Simple Solution: Buy a clip-on / lavalier mic. Especially one with a long cord (or get an extender). I bought a pair from Purple Panda on Amazon and I couldn’t be happier. The quality was night and day versus the built-in mics on the phones and the extra long cables gave me the ability to be “animated ” while I read. For just $25 each they’re a total steal – plus they even come with a windbreak if you are recording outside.
No, I’m not saying you should have a few drinks before going on (in fact, I personally recommend against it). But what I am saying is you need to make sure your lighting is at least “decent.” Think about how bright you want to be on screen, where you want shadows to lie, and how your clothing is going to look in the light (and against your backdrop).
Simple Solution: Turn off your overhead lights and use lamps. I grabbed a few lamps from around the house and took off the shades to go with bare bulbs, then adjusted their elevation and distance until I found what I thought looked decent. Be sure to use more than one light source though. You need light coming from more than one place unless you want some really drastic shadows. I had three different sources on me and it worked out pretty good.
Bonus Tip: I’ll get to this a little more next, but if you can, set up a third camera that can display back to you what the other cameras are seeing so you can use it as a kind of monitor. I used moved my webcam from my PC over to where I was filming, left it connected to my PC, and rotated the monitor so I could see myself on-screen the whole time. It helped a lot in making sure the lighting was how I wanted as well.
Record a Backup
There’s one issue I have with going live, and that’s the fact that once you’re live it’s over. Yes, Facebook and Periscope save your videos for future viewing … but (and you can call me paranoid) I don’t trust Facebook and Periscope to keep my video forever. So for any larger event, particularly one you’d like to revisit or repurpose, set up a third camera and mic for your own copy.
Simple Solution: As I mentioned earlier, I used my webcam for this and I just recorded using the regular webcam software. I did also use my awesome Blue Yeti mic and the Amazon Mic Boom so I could record at very high quality, but that’s not necessary unless you want something really nice to use later on. (I wanted something to remaster and share to YouTube and possibly even edit into an audiobook). But it’s not absolutely necessary.
Bonus Tip: Test Ahead of Time!
As much as technology is supposed to “just work” we all know it doesn’t always do what it’s told. Even if you think you have everything set up properly, you absolutely should test each device and platform individually before going live for the big show. I ran into some mic issues I wouldn’t have noticed (I didn’t have the jack all the way plugged in) and I also had some Internet connection issues (resetting my router took care of it). But other than technical issues you do want to also make sure your audio levels are set right and that once you start filming the lights look how you thought they would.

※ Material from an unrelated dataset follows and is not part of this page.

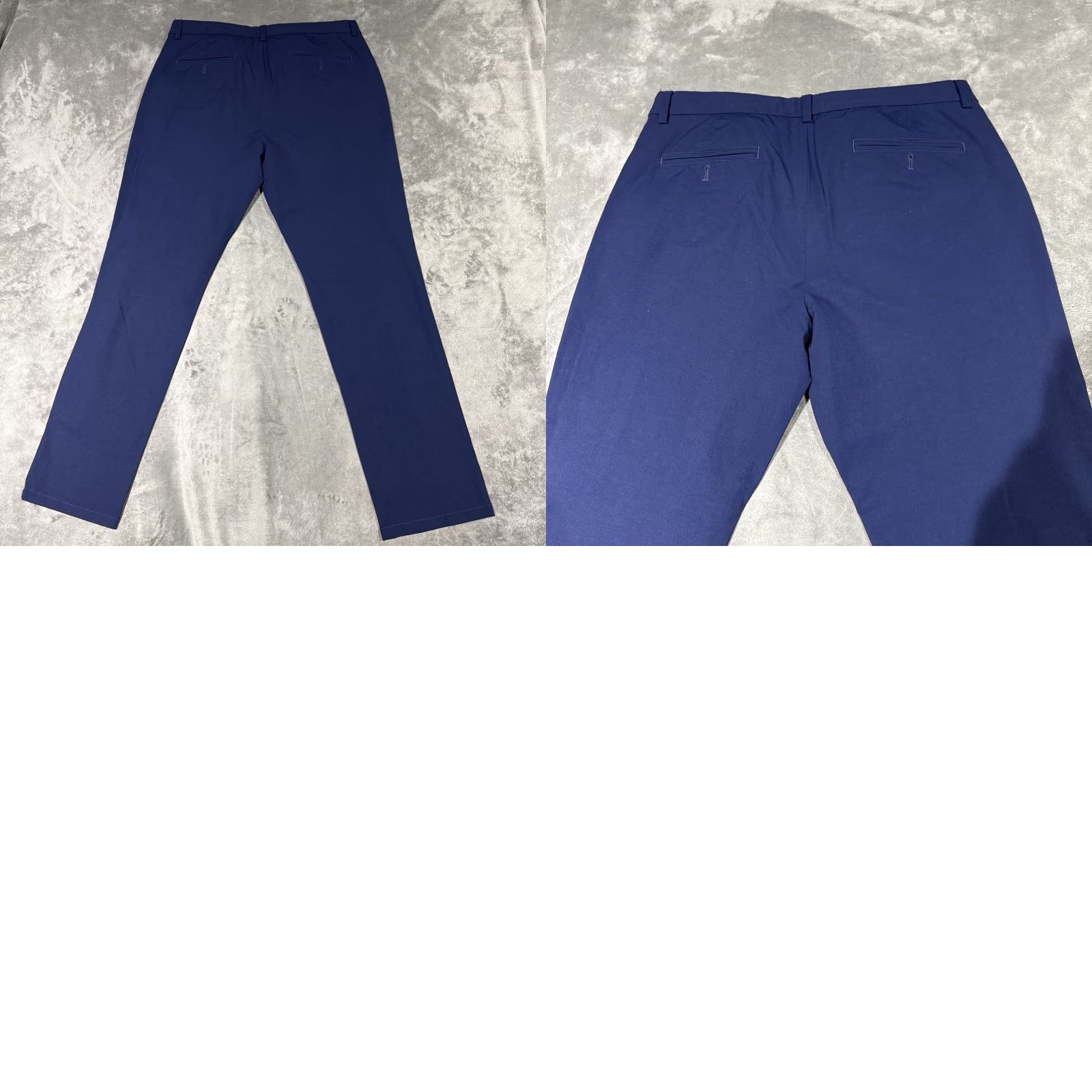 Vineyard Vines VINEYARD VINES On The Go OTG Pant Mens 36x32 Chino Blue Casual Golf Preppy Size US 36 / EU 52 - 8 Thumbnail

Since I try to have a personal connection with my followers I “went live” early and asked for feedback. They gave me a few notes and I took care of them ahead of time so I was all set for when the real event kicked off.
Have You Gone Live What Can You Share?
Of course not every event needs to be “professional” – it all depends on the circumstances … but for those who do want to go live (and look good doing it) it’s really not that hard to do – even on a budget.
Have you ever gone live for an event? What have you learned from your experiences?